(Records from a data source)
--- START ---

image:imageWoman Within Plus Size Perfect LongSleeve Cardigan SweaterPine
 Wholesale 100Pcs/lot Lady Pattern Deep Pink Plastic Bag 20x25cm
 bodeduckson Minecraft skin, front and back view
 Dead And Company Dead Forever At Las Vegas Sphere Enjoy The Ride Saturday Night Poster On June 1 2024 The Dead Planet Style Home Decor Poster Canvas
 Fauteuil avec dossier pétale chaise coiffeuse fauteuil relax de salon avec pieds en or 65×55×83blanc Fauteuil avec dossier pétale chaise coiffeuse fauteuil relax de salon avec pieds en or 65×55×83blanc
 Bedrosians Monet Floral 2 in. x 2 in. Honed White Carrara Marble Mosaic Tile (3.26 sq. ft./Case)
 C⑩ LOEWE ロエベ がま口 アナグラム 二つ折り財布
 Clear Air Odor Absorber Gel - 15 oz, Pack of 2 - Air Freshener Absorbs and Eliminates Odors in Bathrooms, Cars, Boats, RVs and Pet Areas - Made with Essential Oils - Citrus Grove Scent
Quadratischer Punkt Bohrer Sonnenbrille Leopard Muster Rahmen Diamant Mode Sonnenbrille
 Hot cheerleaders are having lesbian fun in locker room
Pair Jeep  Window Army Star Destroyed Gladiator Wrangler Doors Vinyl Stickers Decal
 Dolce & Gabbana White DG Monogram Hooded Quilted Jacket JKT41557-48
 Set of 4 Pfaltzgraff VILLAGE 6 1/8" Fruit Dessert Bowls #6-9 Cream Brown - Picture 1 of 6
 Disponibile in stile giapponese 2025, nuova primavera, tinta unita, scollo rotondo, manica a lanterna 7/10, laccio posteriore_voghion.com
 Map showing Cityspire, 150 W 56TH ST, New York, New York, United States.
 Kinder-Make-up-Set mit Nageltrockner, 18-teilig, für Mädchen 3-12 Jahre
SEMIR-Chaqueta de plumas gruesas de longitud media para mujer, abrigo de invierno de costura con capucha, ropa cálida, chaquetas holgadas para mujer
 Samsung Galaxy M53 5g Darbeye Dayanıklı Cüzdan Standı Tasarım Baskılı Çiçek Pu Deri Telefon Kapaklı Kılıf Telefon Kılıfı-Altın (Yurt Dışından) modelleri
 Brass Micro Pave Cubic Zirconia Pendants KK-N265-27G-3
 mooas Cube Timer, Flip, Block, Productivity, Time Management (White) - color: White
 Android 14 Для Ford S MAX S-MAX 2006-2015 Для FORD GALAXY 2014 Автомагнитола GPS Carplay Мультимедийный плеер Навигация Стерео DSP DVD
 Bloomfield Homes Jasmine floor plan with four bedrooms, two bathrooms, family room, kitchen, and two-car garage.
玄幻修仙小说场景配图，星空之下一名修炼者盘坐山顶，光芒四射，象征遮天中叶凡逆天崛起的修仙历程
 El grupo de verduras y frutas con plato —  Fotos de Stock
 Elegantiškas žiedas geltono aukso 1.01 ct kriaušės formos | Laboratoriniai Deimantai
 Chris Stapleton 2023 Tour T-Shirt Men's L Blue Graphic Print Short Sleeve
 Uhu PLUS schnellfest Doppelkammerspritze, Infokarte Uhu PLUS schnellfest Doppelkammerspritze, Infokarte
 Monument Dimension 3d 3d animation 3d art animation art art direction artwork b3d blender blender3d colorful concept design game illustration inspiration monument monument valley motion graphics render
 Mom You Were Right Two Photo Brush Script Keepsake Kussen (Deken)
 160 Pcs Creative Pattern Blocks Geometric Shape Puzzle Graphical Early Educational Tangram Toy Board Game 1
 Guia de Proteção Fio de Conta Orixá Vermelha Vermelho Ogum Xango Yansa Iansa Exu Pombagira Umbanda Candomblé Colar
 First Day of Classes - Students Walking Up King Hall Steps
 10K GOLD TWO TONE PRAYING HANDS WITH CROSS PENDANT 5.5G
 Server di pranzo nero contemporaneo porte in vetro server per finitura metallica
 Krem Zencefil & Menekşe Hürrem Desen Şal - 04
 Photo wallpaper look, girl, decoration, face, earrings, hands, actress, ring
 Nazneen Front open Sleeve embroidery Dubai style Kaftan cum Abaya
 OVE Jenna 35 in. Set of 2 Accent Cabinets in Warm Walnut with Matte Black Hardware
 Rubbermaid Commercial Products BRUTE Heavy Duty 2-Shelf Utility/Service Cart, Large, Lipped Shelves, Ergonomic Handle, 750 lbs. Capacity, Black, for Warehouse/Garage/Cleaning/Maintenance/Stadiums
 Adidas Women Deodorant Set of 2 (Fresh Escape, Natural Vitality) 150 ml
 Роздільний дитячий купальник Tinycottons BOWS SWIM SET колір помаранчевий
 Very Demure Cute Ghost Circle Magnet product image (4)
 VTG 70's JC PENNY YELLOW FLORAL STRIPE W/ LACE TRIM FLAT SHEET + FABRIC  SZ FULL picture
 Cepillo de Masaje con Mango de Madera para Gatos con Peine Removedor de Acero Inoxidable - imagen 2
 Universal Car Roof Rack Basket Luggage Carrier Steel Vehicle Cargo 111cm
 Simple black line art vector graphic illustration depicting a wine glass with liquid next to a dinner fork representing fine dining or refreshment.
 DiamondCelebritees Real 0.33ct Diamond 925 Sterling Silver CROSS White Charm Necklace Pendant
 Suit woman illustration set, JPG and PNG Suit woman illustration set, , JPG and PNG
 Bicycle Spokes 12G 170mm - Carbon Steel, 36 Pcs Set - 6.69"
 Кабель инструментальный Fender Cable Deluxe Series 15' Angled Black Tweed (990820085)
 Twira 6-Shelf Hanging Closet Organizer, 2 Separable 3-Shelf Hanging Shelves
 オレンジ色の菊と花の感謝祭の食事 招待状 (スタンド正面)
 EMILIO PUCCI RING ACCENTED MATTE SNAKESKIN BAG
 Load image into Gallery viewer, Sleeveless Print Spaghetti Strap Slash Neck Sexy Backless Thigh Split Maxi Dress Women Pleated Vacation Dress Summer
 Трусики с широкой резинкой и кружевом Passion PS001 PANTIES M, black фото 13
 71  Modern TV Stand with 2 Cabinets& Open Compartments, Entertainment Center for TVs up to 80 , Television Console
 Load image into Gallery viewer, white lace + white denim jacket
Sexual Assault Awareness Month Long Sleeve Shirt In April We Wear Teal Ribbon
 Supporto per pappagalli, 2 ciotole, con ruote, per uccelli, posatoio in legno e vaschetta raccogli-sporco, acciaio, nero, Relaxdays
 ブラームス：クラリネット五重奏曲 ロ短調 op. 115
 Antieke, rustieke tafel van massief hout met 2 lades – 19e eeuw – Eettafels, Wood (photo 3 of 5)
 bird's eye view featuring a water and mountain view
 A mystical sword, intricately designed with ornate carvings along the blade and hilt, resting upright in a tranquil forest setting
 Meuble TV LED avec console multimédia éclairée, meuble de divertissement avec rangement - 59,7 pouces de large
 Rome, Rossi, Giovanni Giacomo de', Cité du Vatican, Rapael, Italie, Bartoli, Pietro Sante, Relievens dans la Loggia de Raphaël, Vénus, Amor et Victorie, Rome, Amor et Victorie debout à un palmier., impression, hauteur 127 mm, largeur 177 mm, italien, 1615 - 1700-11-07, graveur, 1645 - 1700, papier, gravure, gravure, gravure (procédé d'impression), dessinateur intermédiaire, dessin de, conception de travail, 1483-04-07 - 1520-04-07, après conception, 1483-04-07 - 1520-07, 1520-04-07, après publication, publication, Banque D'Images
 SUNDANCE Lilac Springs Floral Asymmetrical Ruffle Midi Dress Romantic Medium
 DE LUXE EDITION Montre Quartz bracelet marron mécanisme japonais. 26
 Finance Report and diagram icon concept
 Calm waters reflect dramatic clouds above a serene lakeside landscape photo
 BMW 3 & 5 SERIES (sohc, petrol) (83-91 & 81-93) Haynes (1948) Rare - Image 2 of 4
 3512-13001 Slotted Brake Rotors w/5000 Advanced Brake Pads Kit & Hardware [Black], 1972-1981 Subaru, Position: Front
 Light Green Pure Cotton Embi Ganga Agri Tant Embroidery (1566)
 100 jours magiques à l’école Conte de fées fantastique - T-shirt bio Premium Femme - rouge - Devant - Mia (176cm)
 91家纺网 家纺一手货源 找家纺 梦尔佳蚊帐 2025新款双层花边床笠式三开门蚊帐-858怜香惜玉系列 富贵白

--- END ---

> [Your task] Look above for the line holding "Quadratischer Punkt Bohrer", then set down exactly that line and every line after it up to and including the line holding "Vinyl Stickers Decal", with nothing else.

> [Exercise solution]
Quadratischer Punkt Bohrer Sonnenbrille Leopard Muster Rahmen Diamant Mode Sonnenbrille
 Hot cheerleaders are having lesbian fun in locker room
Pair Jeep  Window Army Star Destroyed Gladiator Wrangler Doors Vinyl Stickers Decal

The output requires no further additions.